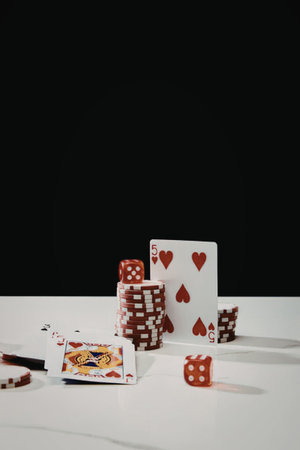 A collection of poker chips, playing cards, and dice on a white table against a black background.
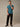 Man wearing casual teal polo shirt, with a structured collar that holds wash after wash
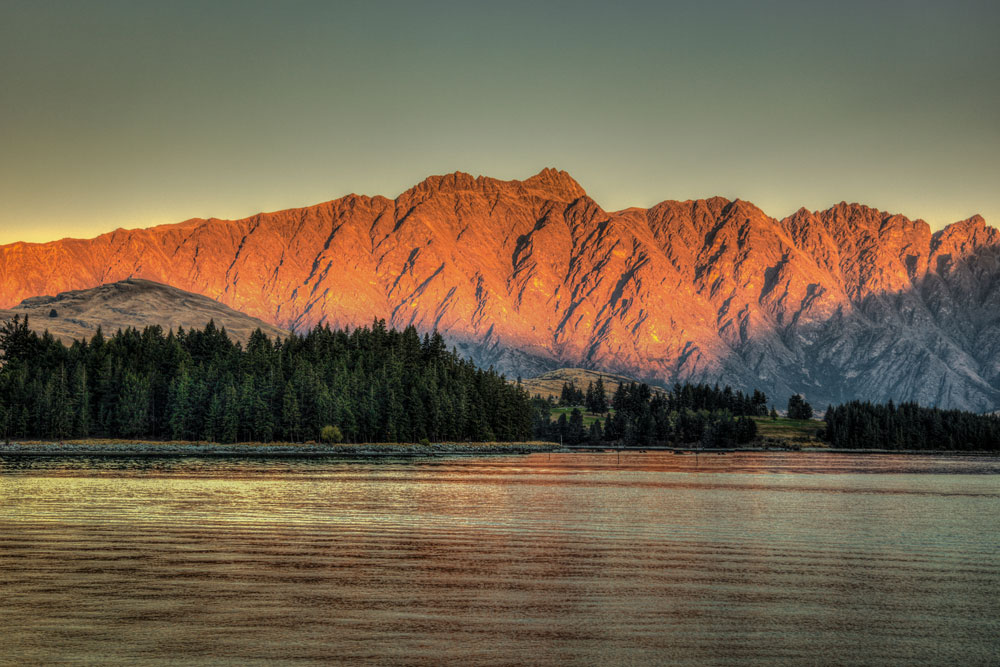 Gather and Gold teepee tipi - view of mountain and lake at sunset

To do:
Your job is to repeat the data exactly, leaving each picture out.

Problem solution:
 A collection of poker chips, playing cards, and dice on a white table against a black background.
 Man wearing casual teal polo shirt, with a structured collar that holds wash after wash
 Gather and Gold teepee tipi - view of mountain and lake at sunset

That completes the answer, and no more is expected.